Would you give back exactly the lines from the line with "Lot of 3 Misc." through the end of the entries below, both included, but none of the pictures?

── Listed records

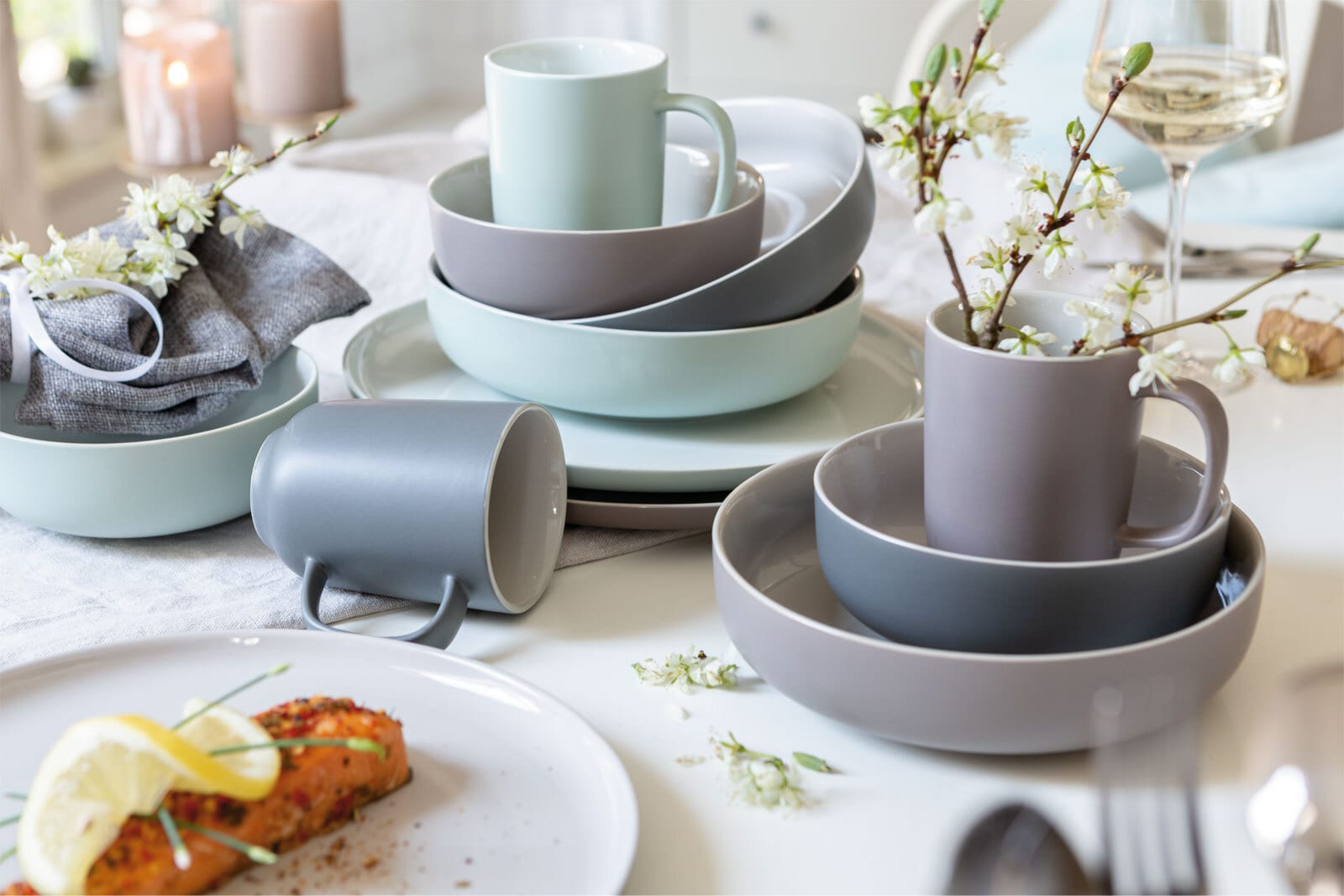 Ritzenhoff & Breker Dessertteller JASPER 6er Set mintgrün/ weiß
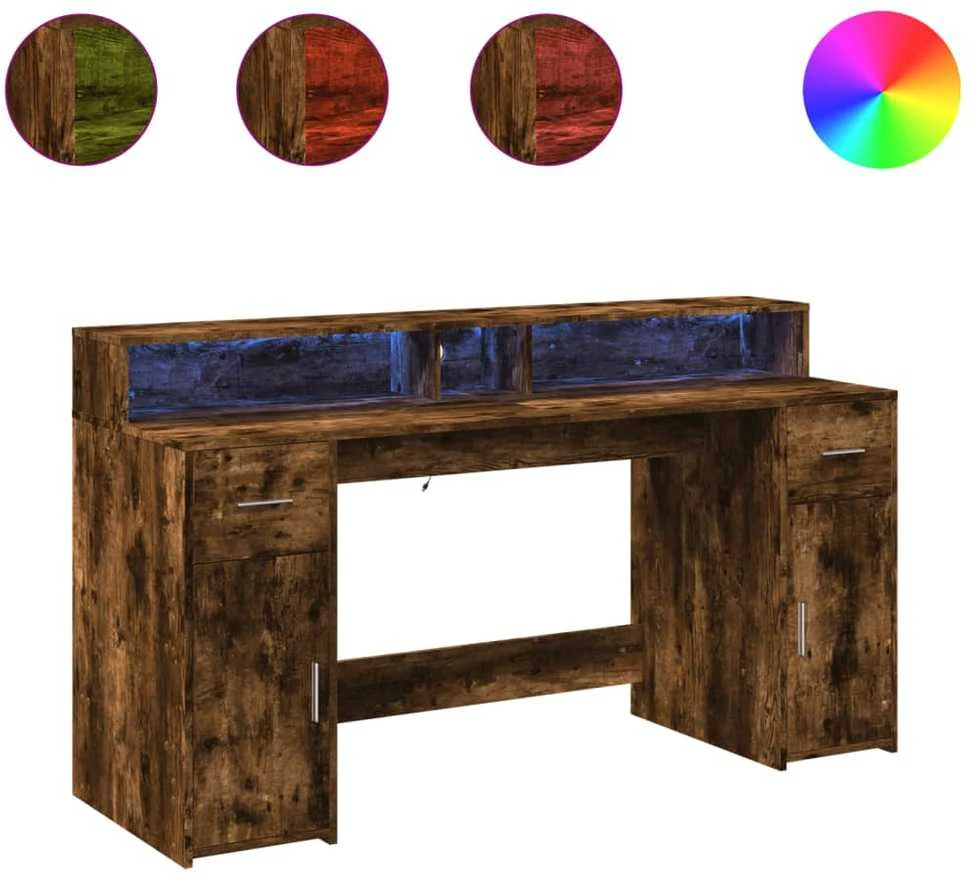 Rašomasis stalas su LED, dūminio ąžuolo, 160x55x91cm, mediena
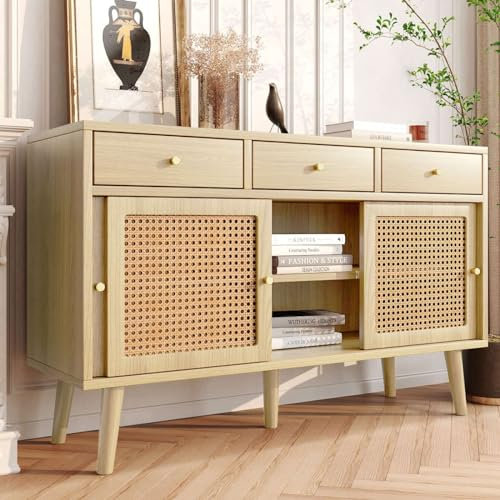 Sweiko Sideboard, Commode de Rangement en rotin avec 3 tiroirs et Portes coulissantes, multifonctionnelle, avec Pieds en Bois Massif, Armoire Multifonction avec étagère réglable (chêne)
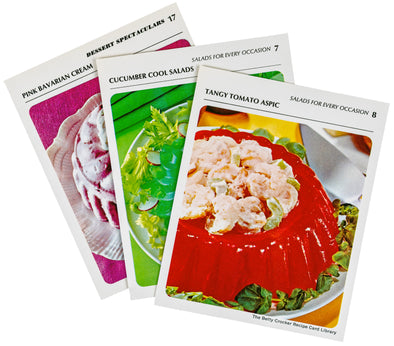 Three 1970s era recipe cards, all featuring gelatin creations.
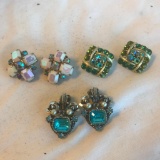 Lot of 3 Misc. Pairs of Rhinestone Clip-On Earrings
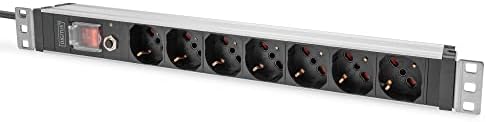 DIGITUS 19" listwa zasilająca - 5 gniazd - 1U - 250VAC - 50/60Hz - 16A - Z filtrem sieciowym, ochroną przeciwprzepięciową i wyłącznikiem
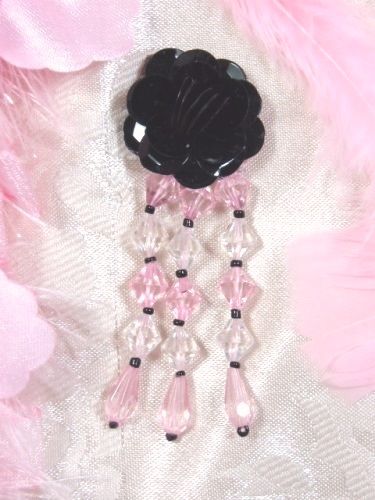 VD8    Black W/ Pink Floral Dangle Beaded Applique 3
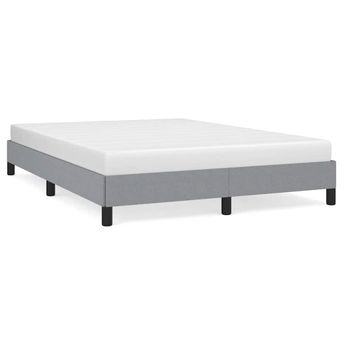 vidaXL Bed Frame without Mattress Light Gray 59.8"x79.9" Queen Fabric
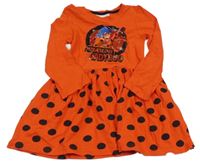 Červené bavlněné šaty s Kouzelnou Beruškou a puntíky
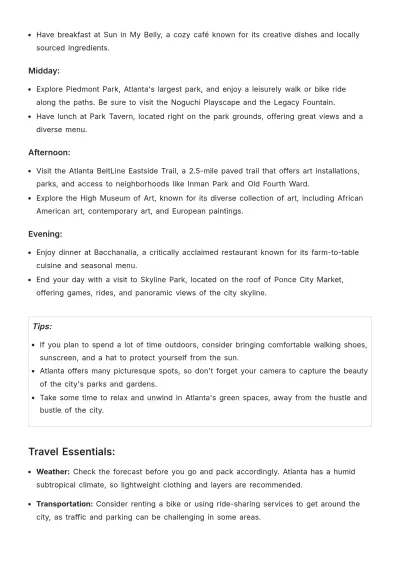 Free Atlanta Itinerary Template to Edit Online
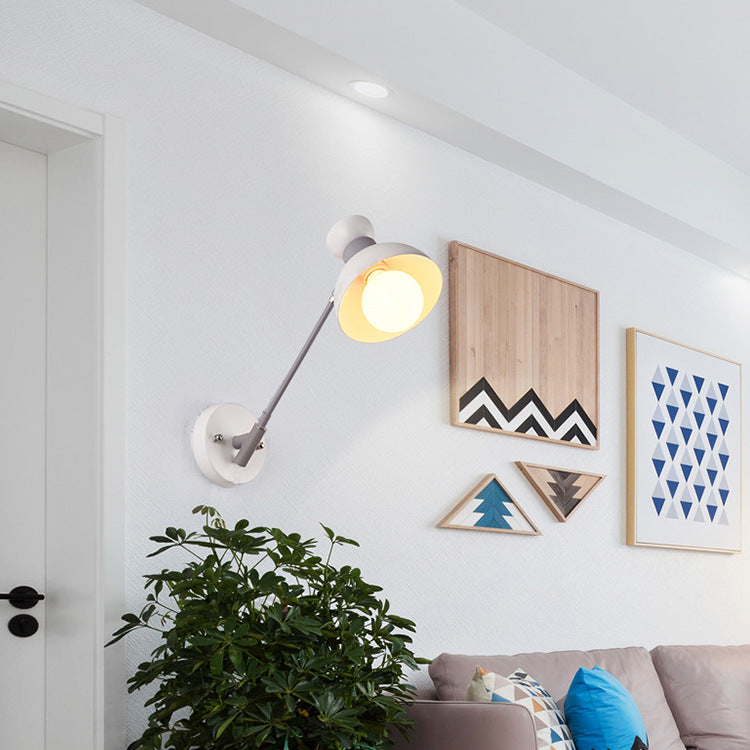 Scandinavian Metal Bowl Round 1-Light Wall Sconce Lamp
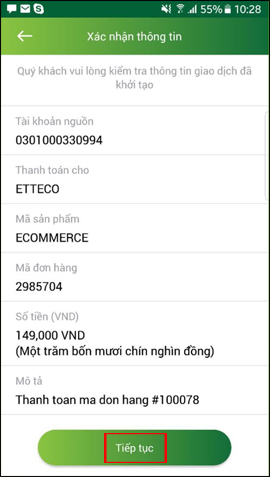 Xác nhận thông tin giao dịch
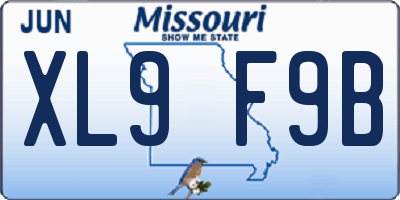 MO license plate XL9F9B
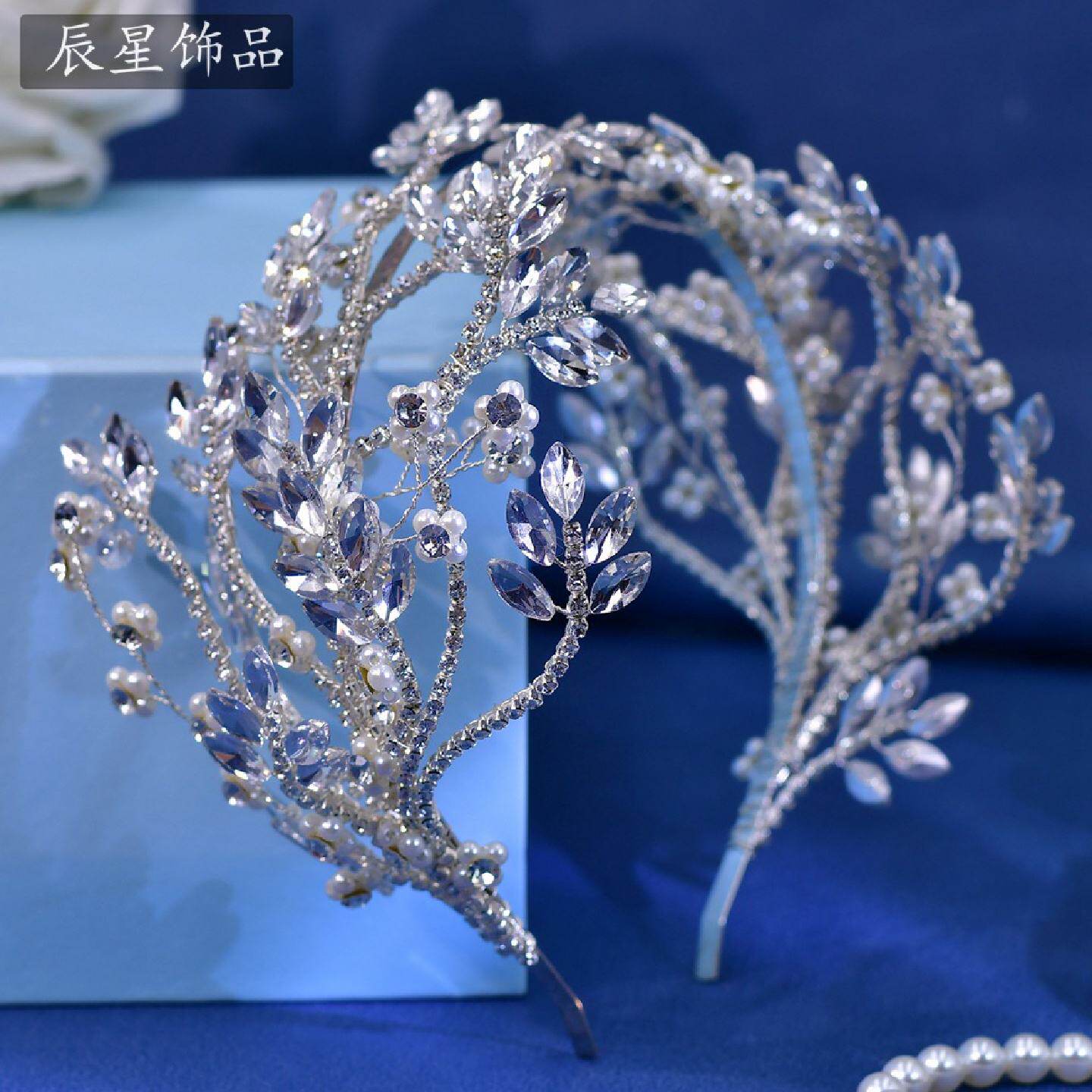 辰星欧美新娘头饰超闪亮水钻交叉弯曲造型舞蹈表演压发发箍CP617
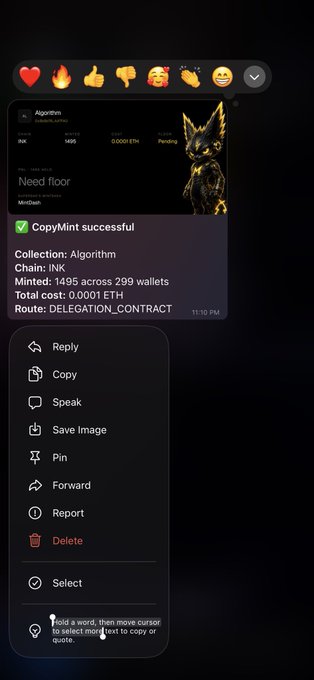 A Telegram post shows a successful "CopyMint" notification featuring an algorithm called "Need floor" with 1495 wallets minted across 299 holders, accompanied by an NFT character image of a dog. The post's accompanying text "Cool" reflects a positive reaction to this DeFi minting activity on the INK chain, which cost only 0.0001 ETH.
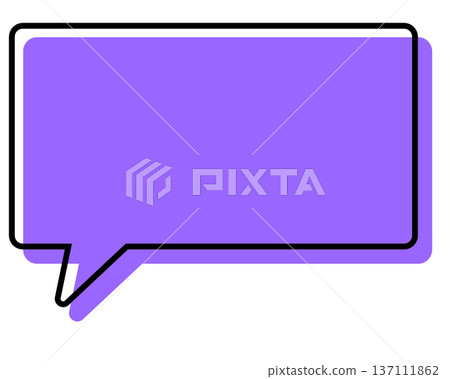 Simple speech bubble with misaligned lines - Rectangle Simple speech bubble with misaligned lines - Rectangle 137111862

────

*Task answer*:
 Lot of 3 Misc. Pairs of Rhinestone Clip-On Earrings
 DIGITUS 19" listwa zasilająca - 5 gniazd - 1U - 250VAC - 50/60Hz - 16A - Z filtrem sieciowym, ochroną przeciwprzepięciową i wyłącznikiem
 VD8    Black W/ Pink Floral Dangle Beaded Applique 3
 vidaXL Bed Frame without Mattress Light Gray 59.8"x79.9" Queen Fabric
 Červené bavlněné šaty s Kouzelnou Beruškou a puntíky
 Free Atlanta Itinerary Template to Edit Online
 Scandinavian Metal Bowl Round 1-Light Wall Sconce Lamp
 Xác nhận thông tin giao dịch
 MO license plate XL9F9B
 辰星欧美新娘头饰超闪亮水钻交叉弯曲造型舞蹈表演压发发箍CP617
 A Telegram post shows a successful "CopyMint" notification featuring an algorithm called "Need floor" with 1495 wallets minted across 299 holders, accompanied by an NFT character image of a dog. The post's accompanying text "Cool" reflects a positive reaction to this DeFi minting activity on the INK chain, which cost only 0.0001 ETH.
 Simple speech bubble with misaligned lines - Rectangle Simple speech bubble with misaligned lines - Rectangle 137111862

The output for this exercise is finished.